◆ Goal of the exercise:
Reproduce the data below in full and exclude every picture.

◆ Input data:
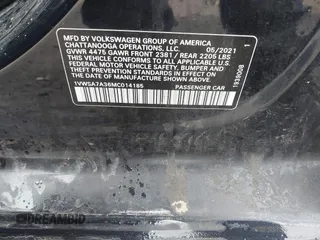 2021 Volkswagen Passat SE z VIN 1VWSA7A36MC014185, wystawiony jako IAAI lot #41915701 z przebiegiem 175 043 mil mil oraz . Historia ofert i sprzedaży dostępna na DreamBid. Obrazek 9.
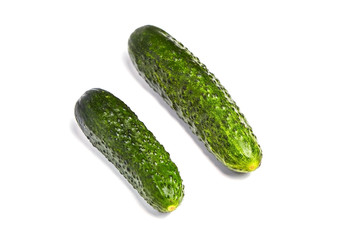 Two Cucumbers isolated on white background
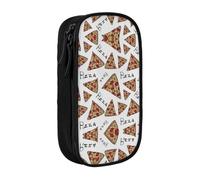 DNBCLEZK Pizza Pattern Double Layer Large Capacity Pencil Case,Print Polyester Oxford-Cloth Stationery Pouch with Multi Slots, Multi-Compartment Storage Bag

◆ Task response:
 2021 Volkswagen Passat SE z VIN 1VWSA7A36MC014185, wystawiony jako IAAI lot #41915701 z przebiegiem 175 043 mil mil oraz . Historia ofert i sprzedaży dostępna na DreamBid. Obrazek 9.
 Two Cucumbers isolated on white background
 DNBCLEZK Pizza Pattern Double Layer Large Capacity Pencil Case,Print Polyester Oxford-Cloth Stationery Pouch with Multi Slots, Multi-Compartment Storage Bag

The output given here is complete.